No pude regodearme en el gesto elegante porque el señor con prisa acapara mi atención. En torno a sesenta años, calvo, gafas, delgado, abrigo negro de paño y maletín. Va con prisa. Con mucha prisa. Tanta prisa que entra casi corriendo a las escaleras mecánicas y no apoya bien el pie. No se cae, sino que apoya el otro pie, aunque no consigue estabilizarse, así que da otro paso. Son cuatro o cinco pasos, todos mal, cada vez menos vertical y más horizontal. Cada vez más embalado.
A mí ya se me ha olvidado Jorgito, la falta de caballeros en el metro de Madrid y cualquier preocupación viendo al señor precipitarse hacia abajo. A todo esto, el señor ya está a mí altura.
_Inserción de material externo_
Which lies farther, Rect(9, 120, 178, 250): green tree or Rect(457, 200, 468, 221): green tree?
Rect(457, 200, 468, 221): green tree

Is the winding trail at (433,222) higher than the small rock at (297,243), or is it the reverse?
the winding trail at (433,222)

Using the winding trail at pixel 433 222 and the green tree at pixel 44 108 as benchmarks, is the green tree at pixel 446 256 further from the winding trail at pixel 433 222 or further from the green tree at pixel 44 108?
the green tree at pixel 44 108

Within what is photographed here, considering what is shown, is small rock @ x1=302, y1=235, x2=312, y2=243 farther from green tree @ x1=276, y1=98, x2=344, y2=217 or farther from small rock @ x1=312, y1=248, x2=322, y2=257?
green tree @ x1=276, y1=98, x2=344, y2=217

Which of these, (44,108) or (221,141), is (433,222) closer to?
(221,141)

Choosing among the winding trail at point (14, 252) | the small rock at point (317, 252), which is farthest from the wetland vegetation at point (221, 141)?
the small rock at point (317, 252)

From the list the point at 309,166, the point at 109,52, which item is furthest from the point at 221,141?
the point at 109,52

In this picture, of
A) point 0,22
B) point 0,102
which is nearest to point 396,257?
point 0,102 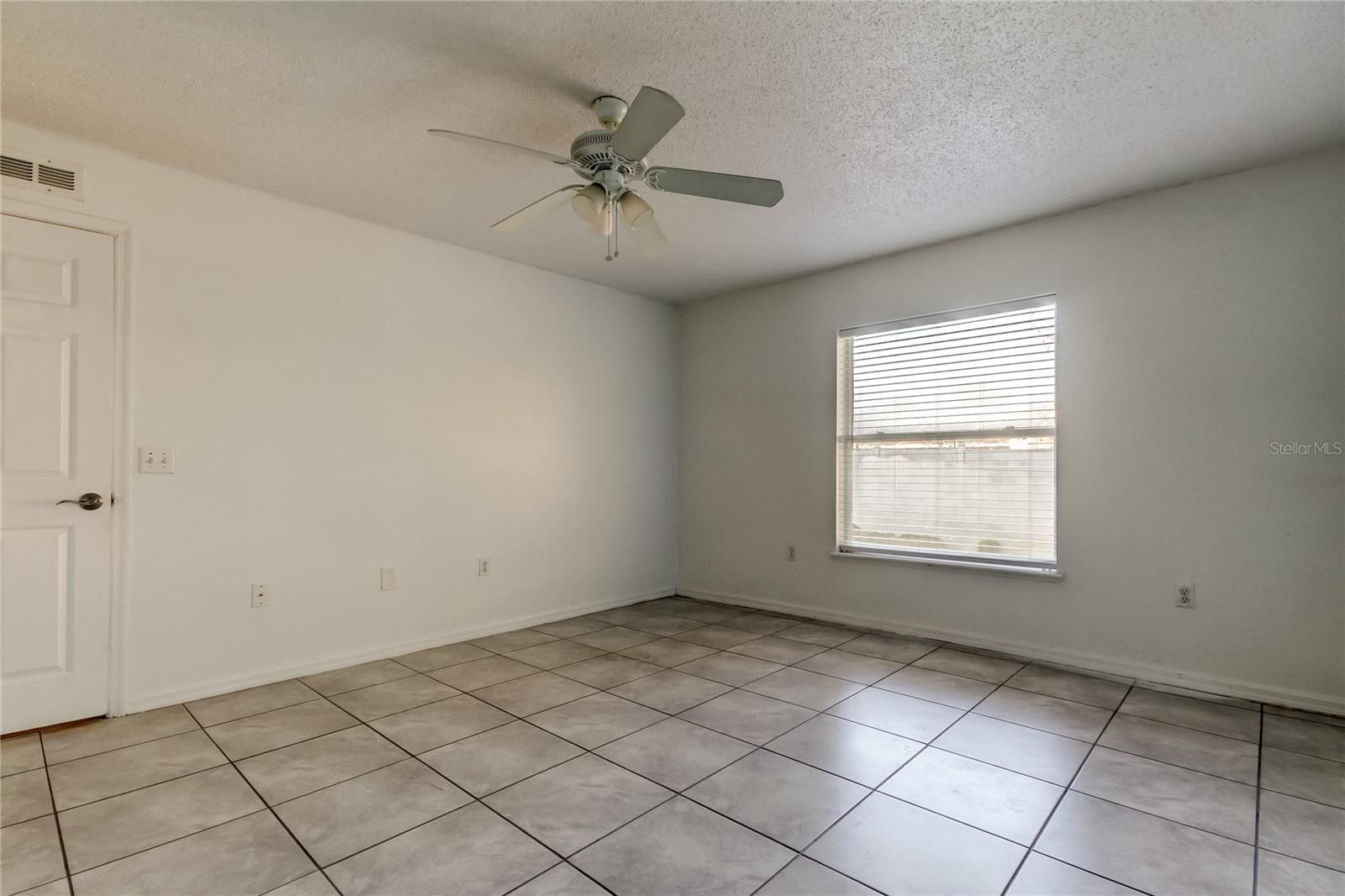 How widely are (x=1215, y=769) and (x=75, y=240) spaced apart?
489cm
Así que doy un paso hacia las escaleras mecánicas, estiro el brazo y le agarro del abrigo. Lo siguiente es que el señor se queda colgando de mi brazo. La alegría dura un segundo, porque las escaleras mecánicas siguen bajando y yo con ellas. Pierdo pie y me quedo colgando con la cintura apoyada en el pasamanos y el señor bien agarrado con los dos brazos. Así bajamos los dos unos cuantos metros más. Hasta que alguien detiene las escaleras mecánicas. Me afianzo en el suelo y ayudo al señor a recuperar la compostura.
El señor me mira, sonríe y me dice: «Oye, todo un héroe». Yo no digo nada. No me sale. Debe ser la adrenalina. Le doy un apretón de manos y me voy de allí. Siento que la gente nos está mirando. También percibo que se me va hinchando el pecho. ¿Spiderman, Batman, Dimas? ¿Seré un superhéroe y no lo sabía? Por el camino a Ayala mando un audio contando la historia. Luego me encuentro con Paula, que también va a la adoración, y se lo cuento también.
Llegamos a Ayala. Intento rezar, pero no paro de repasar el suceso. De repente se me ocurre que es una buena imagen de mi vida. Yo soy igualito al señor mayor: tropiezo todo el rato y me tambaleo a punto de estamparme, pero Dios me agarra y evita que me desnuque. Encima, la mayoría de las veces, ni me entero. Porque Él no va pregonándolo. Eso no quita que, en el bar, cuente la historia otras cuatro veces de grupito en grupito. Algunos se escapan sin escucharla. Pero no pasa nada, para eso escribo en este espacio.